Mark Cavendish got frustrated at the Omega Pharma-Quickstep team presentation when journalists repeatedly pressed him over the Lance Armstrong story. Presumably Cavendish wanted to talk about his the ambitions for 2013. But there’s only one show in town: Lance Armstrong.
The story stretches from primetime sofa to the US Department of Justice via the Tour de France and features an international celebrity in the midst of a downfall more public than Felix Baumgartner’s leap.
Given this even a big name like Mark Cavendish is going to be pressed relentlessly for a quote on Lance Armstrong and others will face tricky questions on other topics this year. What should a rider say? What can they say?
Several years ago I witnessed an American couple riding the Paris Métro. Laden with luggage and probably jet-lagged, they were being quizzed about President Bush by excited Frenchman. They were on surely on vacation yet somehow were expected to account for the actions of their government, as if being on vacation equated to a diplomatic mission. It’s similar today with cyclists who have to explain the actions of another Texan.
Similarly cyclingnews.com’s series of interviews with new riders includes a question about the USADA case, ensuring even the freshest riders are connected to the past.
Talking about Armstrong is a minefield at the best of times. One wrong step and internet forum tripwires quiver, another step and you’ve triggered an explosive headline. It’s probably unlikely these days but some riders might still fear Armstrong’s legal firepower.
No Comment: the first strategy simple, just refuse to talk about it. There’s not much to add, the rider just says “look, I can’t talk on this” and that’s that. But the trouble here is that millions are talking about it. People who can’t ride a bike have an opinion on Armstrong. So if you have nothing to say it’s remarkable itself, almost a news story. Worse, zipping the lips can make you look furtive, as if there’s something to hide.

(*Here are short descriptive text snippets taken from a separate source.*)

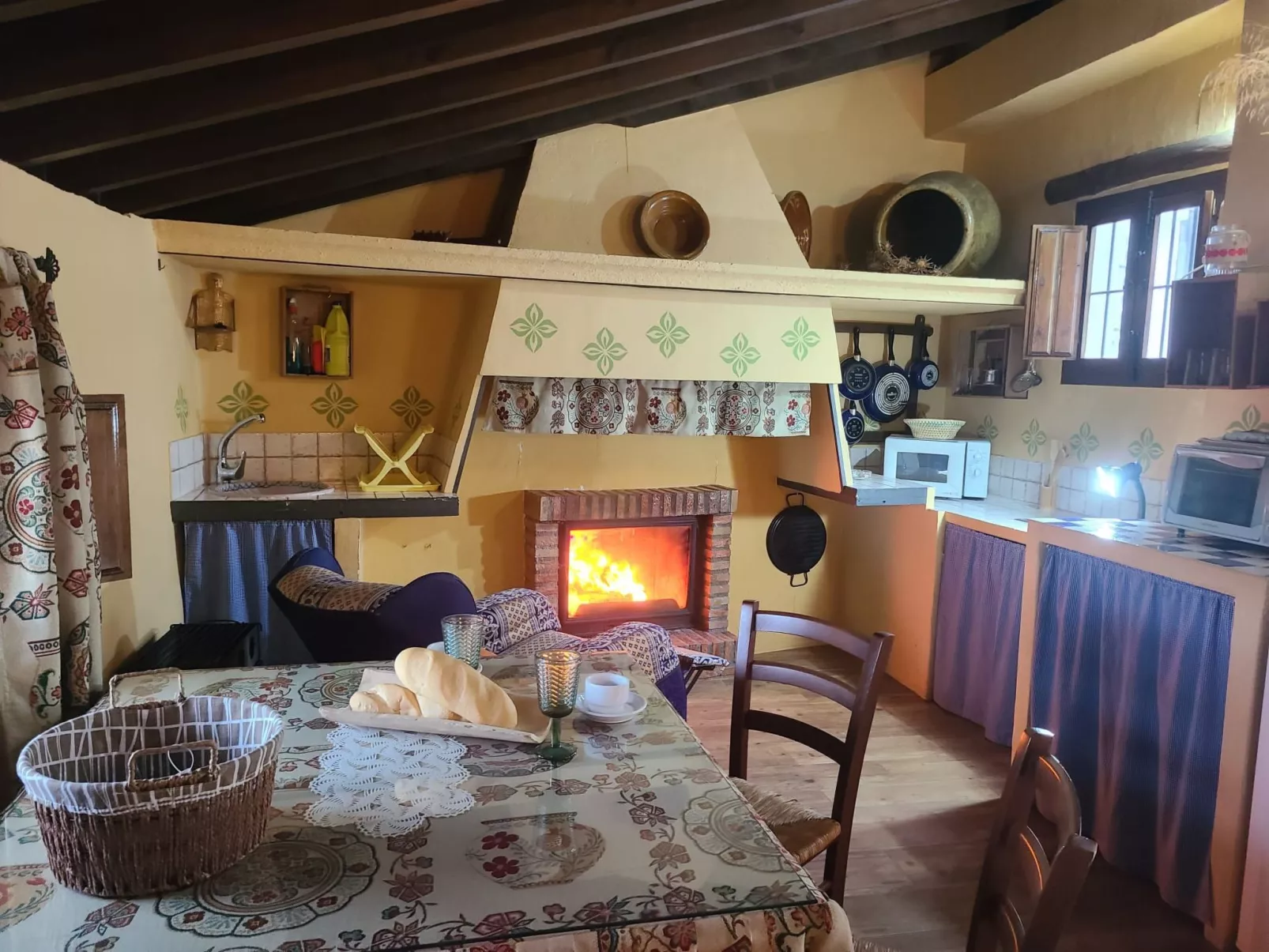 Schöne Ferienwohnung in Iznájar mit Garten, Terrasse und Grill-Image-tags.info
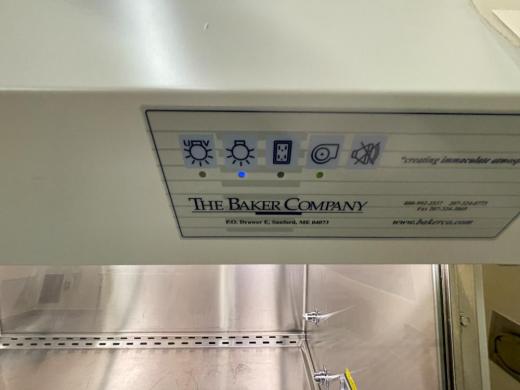 Baker SterilGARD III Advance SG 403 Class II Type A2 Biological Safety Cabinet-cover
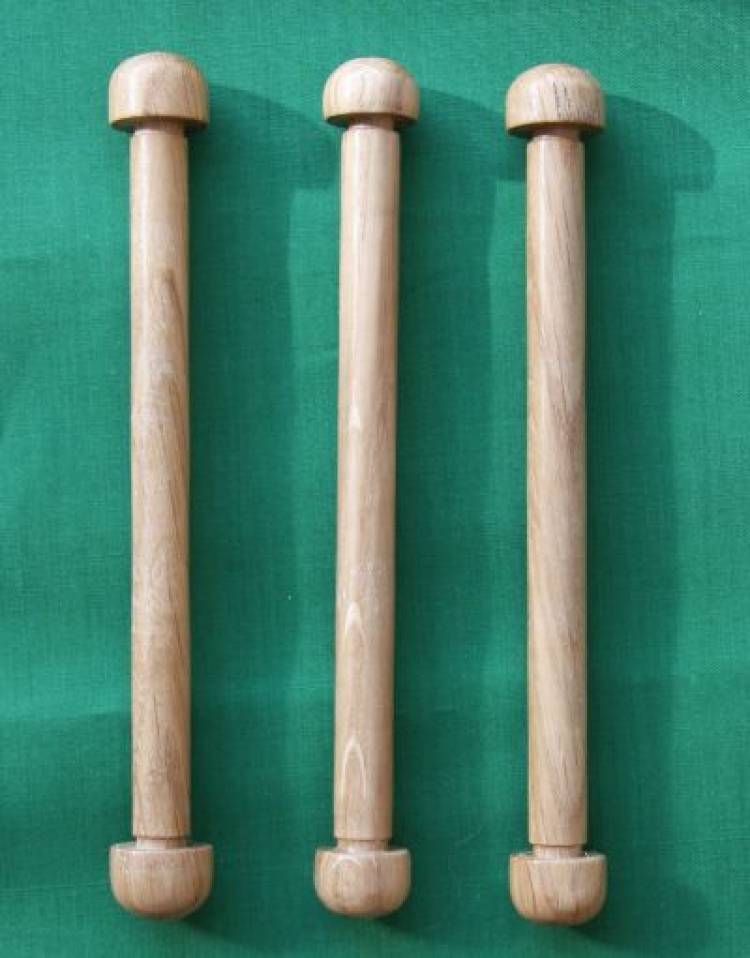 Wall hanging holder for storing lace wall hangings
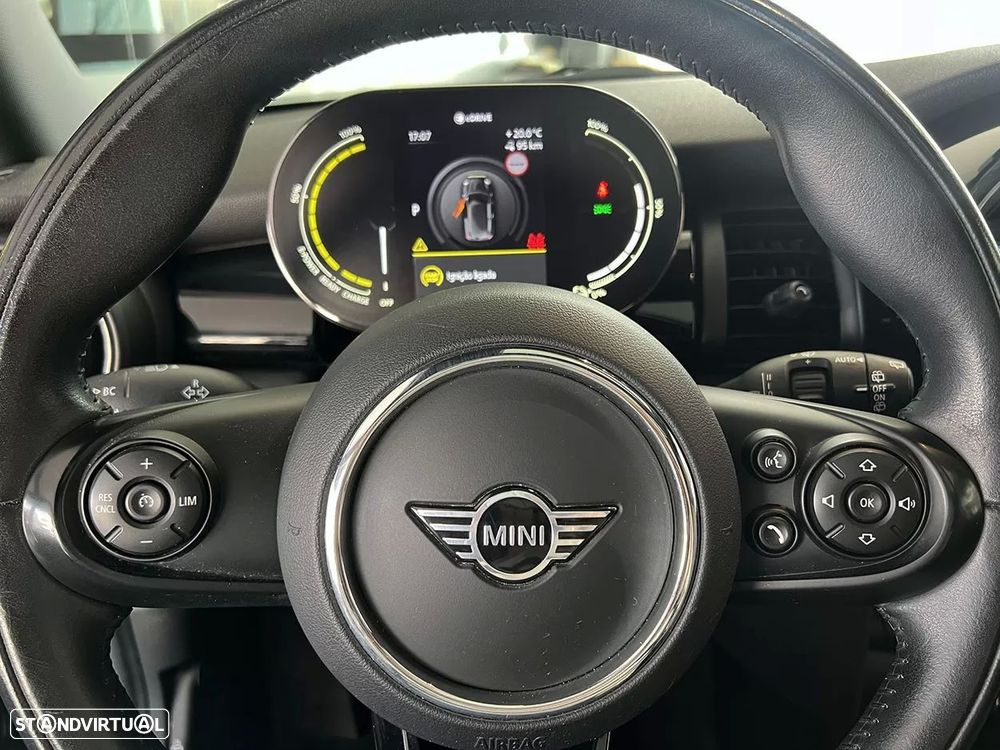 MINI 3 Portas Cooper SE Resolute Edition - 19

Delay: you might be annoyed but don’t rush into things. When an awkward question arrives there’s often a moment to play for time. Ask the questioner to repeat it, to explain what they mean in more detail or use another ruse to compose yourself.
Positive message: surely the obvious reaction is to stick to generalities and avoid controversy? Welcome the prosecution of cheats, offer support to the measures being taken by the UCI and WADA and express hope that the sport is cleaner. It might not make the evening news but it’s a satisfactory answer.
Project: if the past is an uncomfortable place then it’s better to talk about the future. When a poor journalist was tasked with getting a quote from Marc Madiot the FDJ manager shrugged and gave little away except the hope things will be better in the future, adding Lance Armstrong belongs to the past.
The pivot: politicians are experts at being asked one question but answering another. It’s called “pivoting” and can be very frustrating but it gets used by people who successfully win millions of votes. Why? Well studies show that if the respondent seems likeable and honest then the audience might not even notice the pivot, nor remember the question. Easier said than done and this is something that politicians spend time crafting in the company of acting coaches, speech-writers and other experts. For the rest of us this could prove harder but the lesson is to pivot less, just to lead the question onto safer ground.
Prepare: maybe you don’t care about a chat show and perhaps the WADA Code is something you hope you’ll never have to read. But a little homework can be considered a professional duty, being aware of the issues and coping with the media might be part of your job.
Turn the tables: sections of the media squirm when asked about their role in the Armstrong story. For years they built him up, ignoring the negatives. It wouldn’t work on live TV but a quick-witted rider could ask their questioner about their role and whether they put the same tough back questions the journo, to ask whether they ever put soft questions to “Lance.”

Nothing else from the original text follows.